Tom Coleman selected SIAM Fellow

Monday, April 4, 2016

Tom Coleman
Professor Tom Coleman has been selected as a SIAM Fellow for contributions to large-scale, sparse numerical optimization, financial optimization, and leadership in mathematics education and engagement with industry. Fellowships honour SIAM members who have made outstanding contributions to the fields served by the organization.

Tom is well known for several notable contributions in the area of large-scale nonlinear optimization. The Coleman-Conn method (1982) that showed how to correctly handle the second order information in the Lagrangians for nonlinear programming problems to exploit the L1 penalty function is a fundamental component of penalty methods and sequential quadratic programming methods in nonlinear optimization.
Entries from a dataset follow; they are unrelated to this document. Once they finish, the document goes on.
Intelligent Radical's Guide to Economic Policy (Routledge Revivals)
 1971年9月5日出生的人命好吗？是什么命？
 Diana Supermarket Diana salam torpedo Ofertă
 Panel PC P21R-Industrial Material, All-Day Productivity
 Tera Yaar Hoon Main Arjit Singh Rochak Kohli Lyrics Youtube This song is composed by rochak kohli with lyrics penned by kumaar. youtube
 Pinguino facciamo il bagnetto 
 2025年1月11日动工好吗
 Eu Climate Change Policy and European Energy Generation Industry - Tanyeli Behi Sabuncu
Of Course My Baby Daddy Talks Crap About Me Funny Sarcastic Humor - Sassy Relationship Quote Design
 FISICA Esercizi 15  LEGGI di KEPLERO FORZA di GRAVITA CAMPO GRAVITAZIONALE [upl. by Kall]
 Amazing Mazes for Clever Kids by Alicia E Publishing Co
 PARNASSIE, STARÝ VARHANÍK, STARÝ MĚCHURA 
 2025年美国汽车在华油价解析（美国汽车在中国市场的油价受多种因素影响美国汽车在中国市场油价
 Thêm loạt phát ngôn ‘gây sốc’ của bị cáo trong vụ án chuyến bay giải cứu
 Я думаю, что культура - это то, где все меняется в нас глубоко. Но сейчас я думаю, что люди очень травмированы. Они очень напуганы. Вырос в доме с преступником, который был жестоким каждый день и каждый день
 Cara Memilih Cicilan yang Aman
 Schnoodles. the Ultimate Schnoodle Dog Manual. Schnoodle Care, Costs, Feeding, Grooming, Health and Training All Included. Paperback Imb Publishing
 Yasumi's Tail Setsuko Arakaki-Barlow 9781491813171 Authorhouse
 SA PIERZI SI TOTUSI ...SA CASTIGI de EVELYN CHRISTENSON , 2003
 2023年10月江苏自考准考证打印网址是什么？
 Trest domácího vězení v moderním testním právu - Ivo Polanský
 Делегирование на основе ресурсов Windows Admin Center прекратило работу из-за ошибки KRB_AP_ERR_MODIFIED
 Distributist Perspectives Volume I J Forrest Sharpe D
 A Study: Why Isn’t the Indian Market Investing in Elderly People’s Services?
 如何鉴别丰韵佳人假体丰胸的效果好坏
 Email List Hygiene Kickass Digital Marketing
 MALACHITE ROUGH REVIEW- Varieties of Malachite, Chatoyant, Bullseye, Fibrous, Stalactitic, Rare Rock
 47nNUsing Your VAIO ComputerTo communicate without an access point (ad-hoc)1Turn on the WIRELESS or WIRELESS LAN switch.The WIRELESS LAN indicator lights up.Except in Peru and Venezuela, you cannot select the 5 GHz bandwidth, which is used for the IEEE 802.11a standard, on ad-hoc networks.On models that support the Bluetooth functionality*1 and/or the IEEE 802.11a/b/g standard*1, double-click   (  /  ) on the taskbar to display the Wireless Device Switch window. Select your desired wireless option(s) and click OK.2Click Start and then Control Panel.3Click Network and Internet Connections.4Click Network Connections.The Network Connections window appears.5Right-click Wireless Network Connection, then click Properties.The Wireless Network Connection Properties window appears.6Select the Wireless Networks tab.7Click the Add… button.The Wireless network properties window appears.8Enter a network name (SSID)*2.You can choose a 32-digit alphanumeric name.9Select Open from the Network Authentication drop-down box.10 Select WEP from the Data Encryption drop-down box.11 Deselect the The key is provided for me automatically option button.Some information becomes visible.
Tom realized early in his career that graph theory could play an important role in sparse optimization, and with J. Moré, he pioneered the use of graph colouring to efficiently compute derivative matrices. Tom's students have gone on to pursue the use of graph-theoretic methods in optimization and scientific computing, and have founded the combinatorial scientific computing community (CSC).

In the area of Automatic Differentiation (AD), Tom was the creator of first the ADMIT and then ADMAT toolboxes for AD in Matlab, and his book on this topic has been accepted for publication by SIAM. The Coleman-Verma decomposition was a key idea to make AD more tractable, and permits the simultaneous use of "forward" and "backward" modes in the same computation. Tom was also very influential in popularizing the technique with application scientists.

Tom's  1999 paper on estimating volatility has become the definitive method for this problem, and is widely adopted in the computational finance community. He has also significantly advanced the concept of conditional value at risk, a key tool in the financial sector for measuring risk of a portfolio.

Tom is the Ophelia Lazaridis Research Chair in the Department of Combinatorics & Optimization at the University of Waterloo, and is the director of the Waterloo Research Institute in Insurance, Securities and Quantitative Finance (WatRISQ). He served as the Dean of Mathematics at Waterloo from 2005 to 2010. Prior to returning to Waterloo in 2005, he was a professor in the Department of Computer Science at Cornell University, where he directed the Theory Center and oversaw Cornell's supercomputing center.